As dawn broke, residents and emergency services were scrambling to rescue people trapped in rubble. Local officials indicated that the death toll was likely to rise.
Fabrizio Curcio, the head of Italy\’s civil protection service, classed the quake as "severe". The shocks were strong enough to wake residents of central Rome, some 150 kilometres (90 miles) away.
The first two confirmed victims were an elderly couple whose home collapsed in Pescara del Tronto in the Marche region, according to local police.
Aleandro Petrucci, the mayor of nearby Arquata del Tronto, said Pescara was one of "two or three hamlets that have just completely disintegrated."

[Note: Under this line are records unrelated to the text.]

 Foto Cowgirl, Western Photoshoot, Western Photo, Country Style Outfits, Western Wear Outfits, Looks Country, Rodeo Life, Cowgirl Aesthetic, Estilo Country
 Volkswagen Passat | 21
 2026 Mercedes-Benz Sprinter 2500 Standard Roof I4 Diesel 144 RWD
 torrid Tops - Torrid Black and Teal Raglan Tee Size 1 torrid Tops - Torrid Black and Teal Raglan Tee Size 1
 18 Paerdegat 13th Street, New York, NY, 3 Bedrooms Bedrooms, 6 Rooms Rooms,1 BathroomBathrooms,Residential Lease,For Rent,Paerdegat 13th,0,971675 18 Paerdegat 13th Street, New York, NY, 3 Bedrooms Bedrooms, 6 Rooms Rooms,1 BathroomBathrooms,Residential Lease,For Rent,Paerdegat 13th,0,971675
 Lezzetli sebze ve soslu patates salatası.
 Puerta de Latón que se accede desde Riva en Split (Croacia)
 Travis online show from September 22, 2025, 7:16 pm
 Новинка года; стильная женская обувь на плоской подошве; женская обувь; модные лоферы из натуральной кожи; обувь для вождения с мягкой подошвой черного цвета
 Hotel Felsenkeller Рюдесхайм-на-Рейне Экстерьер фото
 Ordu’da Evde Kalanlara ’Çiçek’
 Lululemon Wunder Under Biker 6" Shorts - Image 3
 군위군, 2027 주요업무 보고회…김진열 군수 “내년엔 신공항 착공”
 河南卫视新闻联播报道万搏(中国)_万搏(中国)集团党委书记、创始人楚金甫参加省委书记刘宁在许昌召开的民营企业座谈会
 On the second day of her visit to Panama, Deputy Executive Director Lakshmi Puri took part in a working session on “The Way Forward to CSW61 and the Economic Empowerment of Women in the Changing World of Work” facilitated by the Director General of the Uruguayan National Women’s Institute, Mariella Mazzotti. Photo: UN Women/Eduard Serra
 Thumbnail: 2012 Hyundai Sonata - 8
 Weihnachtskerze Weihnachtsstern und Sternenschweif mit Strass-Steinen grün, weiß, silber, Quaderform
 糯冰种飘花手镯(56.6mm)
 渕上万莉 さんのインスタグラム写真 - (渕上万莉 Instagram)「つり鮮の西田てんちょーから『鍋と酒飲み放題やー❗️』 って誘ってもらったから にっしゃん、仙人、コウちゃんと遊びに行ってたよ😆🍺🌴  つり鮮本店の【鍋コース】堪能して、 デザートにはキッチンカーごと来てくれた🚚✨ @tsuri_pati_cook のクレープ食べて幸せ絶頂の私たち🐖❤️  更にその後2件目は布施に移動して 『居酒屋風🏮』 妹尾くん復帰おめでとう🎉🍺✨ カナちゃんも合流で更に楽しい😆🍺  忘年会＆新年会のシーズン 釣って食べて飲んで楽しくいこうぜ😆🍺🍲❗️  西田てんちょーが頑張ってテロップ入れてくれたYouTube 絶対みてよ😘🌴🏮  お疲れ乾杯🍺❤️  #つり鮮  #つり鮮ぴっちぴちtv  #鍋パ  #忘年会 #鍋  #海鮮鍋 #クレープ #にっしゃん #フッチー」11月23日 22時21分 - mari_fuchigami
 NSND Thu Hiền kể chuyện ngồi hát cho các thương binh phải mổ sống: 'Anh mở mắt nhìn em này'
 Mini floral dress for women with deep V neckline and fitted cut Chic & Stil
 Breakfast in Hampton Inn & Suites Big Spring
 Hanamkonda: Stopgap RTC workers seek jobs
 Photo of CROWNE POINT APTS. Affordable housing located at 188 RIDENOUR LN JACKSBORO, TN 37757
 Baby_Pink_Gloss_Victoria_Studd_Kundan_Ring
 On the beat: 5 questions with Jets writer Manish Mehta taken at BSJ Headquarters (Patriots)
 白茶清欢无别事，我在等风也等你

Another person died and a family of four including two young children were trapped, feared dead, in their collapsed house in Accumoli, according to its mayor.
"We have a tragedy here," the mayor, Stefano Petrucci, said. "For the moment one death is confirmed but there are another four people under the rubble and they are not responding.
"It is a disaster, we have no light, no telephones, the rescue services have not got here yet."
A resident of the village told Rai that she had been woken by the shaking in time to witness the wall of her bedroom cracking open. She was able to escape into the street with her children.
Two corpses were recovered from rubble in Amatrice, a mountain village in neighbouring Lazio that was packed with visitors at the peak of the summer season.
"Half the village has disappeared," said Sergio Pirozzi, Amatrice\’s mayor.
He said access to the village had been blocked, making it impossible for emergency services to get through.
"There is a landslide on one road, a bridge is about to collapse on the other one," he said, according to the AGI news agency.
"We can hear voices under the rubble."
Amatrice is famous in Italy as a beauty spot and is a popular holiday destination for Romans seeking cool mountain air at the height of the summer.
The first quake struck shortly after 3.30 am (0130 GMT), according to the United States Geological Survey, and a 5.4 magnitude aftershock followed an hour later.
USGS\’s PAGER system, which predicts the impact of earthquakes, issued a red alert — suggesting significant casualties and damage based on previous quake data.
A resident of the Rieti region, which is between Rome and the epicentre of the quake, told the Rainews24 channel that she and most of her neighbours had come out onto the street after feeling "very strong shaking".
In 2009 a 6.3-magnitude earthquake struck close to the city of Aquila in the Abruzzo region and left more than 300 people dead.
That disaster led to lengthy recriminations over lax building controls and the failure of authorities to warn residents that a quake could be imminent.
Italy is often shaken by earthquakes, usually centred on the mountainous spine of the boot-shaped country.
Another quake hit the northern Emilia Romagna region in May 2012, when two violent shocks 10 days apart left 23 people dead and 14,000 others homeless.